One of the most popular auto manufacturers today, Toyota has more reliable vehicles in its portfolio than any other brand in the world – but it doesn't mean it never made mistakes.
Not everything the Japanese automaker touches turns to gold and, just like any other marque, it too has had its fair share of automotive flops over the years. Here's a glimpse at some of the best and worst vehicles in Toyota's history.
Best: 1993 Toyota Supra Mk4
In the entire history of Toyota, no car has been so beloved and sought after than the 90s Supra Mark IV. This legendary sports car is a total show-stealer and has starred in everything from movies to games.
Powered by a twin-turbo straight-six good for 320 hp and 315 lb-ft of torque, it's arguably the most powerful among all JDM collectibles today, with tuners frequently taking its iconic 2JZ-GTE engine to up to 1000 horsepower.
Worst: 2007 Toyota Camry
While Camrys are universally regarded as very reliable, the 2007 model was an exception. The four-cylinder trim was fine, but the one with the 3.5-liter V6 was prone to premature wear due to excessive oil consumption.
The 2007 Camry was recalled several times, most notably for the gas pedal entrapment problem that led to numerous deadly crashes.
Best: 1967 Toyota 2000GT
Born out of Toyota's partnership with Yamaha in the late 1960s, this legendary limited-edition sports car is the Japanese marque's equivalent of the Lamborghini Miura & Countach and the Ferrari 250.
Under that hood of this 2-door RWD fastback coupe, an inline-six made about 150 hp, which was a big deal back then. Toyota’s first supercar, the 2000GT is a rare find today, with well-kept units fetching millions at auctions.
Worst: 2012 Toyota Scion IQ
Introduced in 2012 as a tiny urban commuter, the Scion IQ is hailed as one of the biggest automotive flops ever. Though it was nicely built, the problem was that this "half-car" cost almost the same as a well-loaded Corolla.
A massive sales failure, Toyota pulled the plug on the Scion IQ in 2015.
Best: 1990 Lexus LS400
The 1990 Lexus LS400 surprised everyone when it inaugurated Toyota's luxury division. With an absurdly low tag of $35,000, it had better build quality and finishing than the vehicles from many well-established luxury automakers of the time.

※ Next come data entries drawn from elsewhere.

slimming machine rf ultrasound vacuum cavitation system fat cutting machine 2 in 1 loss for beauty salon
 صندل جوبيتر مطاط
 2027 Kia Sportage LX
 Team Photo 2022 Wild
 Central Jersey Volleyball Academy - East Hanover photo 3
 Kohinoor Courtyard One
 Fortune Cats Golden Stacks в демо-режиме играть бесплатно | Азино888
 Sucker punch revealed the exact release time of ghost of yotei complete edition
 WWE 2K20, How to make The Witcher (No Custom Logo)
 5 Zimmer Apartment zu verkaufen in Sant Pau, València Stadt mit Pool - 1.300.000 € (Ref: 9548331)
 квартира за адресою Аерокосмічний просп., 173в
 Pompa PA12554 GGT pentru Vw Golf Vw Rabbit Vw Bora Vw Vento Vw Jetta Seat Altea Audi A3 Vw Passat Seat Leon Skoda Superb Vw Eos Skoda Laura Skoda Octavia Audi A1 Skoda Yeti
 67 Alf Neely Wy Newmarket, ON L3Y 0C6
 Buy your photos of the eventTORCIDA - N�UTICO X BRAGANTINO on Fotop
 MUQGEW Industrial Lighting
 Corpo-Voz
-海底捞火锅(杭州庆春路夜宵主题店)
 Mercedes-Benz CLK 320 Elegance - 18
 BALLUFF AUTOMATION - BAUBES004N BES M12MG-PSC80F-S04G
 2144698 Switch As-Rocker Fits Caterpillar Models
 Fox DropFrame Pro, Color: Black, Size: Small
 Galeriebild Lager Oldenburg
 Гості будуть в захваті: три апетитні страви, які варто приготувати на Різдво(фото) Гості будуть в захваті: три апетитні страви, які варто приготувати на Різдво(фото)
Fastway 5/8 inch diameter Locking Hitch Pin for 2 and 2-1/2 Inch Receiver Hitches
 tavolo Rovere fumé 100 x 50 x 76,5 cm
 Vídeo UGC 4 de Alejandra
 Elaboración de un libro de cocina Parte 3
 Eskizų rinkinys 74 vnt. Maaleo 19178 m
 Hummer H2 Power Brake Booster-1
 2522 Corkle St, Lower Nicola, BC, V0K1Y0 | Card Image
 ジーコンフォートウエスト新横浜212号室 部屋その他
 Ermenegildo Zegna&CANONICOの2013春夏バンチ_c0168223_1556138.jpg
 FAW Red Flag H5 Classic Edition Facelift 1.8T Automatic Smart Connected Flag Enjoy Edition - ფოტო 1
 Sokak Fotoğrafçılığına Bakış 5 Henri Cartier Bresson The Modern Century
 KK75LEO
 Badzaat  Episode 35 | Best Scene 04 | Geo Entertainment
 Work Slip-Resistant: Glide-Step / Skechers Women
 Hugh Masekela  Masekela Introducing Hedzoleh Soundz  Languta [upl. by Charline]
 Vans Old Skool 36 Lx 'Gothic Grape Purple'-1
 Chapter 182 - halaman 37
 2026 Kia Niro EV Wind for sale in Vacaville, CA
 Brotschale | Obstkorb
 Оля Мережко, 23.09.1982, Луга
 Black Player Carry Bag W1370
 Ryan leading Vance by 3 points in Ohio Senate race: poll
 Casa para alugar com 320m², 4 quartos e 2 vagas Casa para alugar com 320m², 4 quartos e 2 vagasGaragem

The 4.0-liter DOHC 32-valve V8 engine was absolutely silent and insanely powerful (at 250-hp). Simply put, the LS400 was the worst nightmare for BMW, Mercedes, Audi, and Jaguar.
Worst: 1984 Toyota Van
The 1984 Toyota Van (yes, it was named just "Van") was an ugly vehicle with a short wheelbase, a choppy ride, and terrible handling, especially at corners.
The Van's long list of flaws was unable to compensate for the panoramic sunroof and fridge/water cooler, and Toyota had to end its production by 1991.
Best: 1984 Toyota Corolla AE86
Though not so powerful as the JDM legends like the GT-R, NSX, and Supra, the Toyota AE86 became a global drifting icon thanks to its appearance in the Japanese street racing manga and anime series 'Initial D.'
Having featured in numerous video games and movies, this almost 40-year-old RWD sports car influenced an entire generation and left a lasting impact on car culture, with many drifters tuning its 121-hp engine to up to 800-hp powerhouses.
Worst: 1993 Toyota T100
While Toyota was practically unrivaled in the compact-pickup market, its first effort to compete with the Big Three in the full-size segment was a failure.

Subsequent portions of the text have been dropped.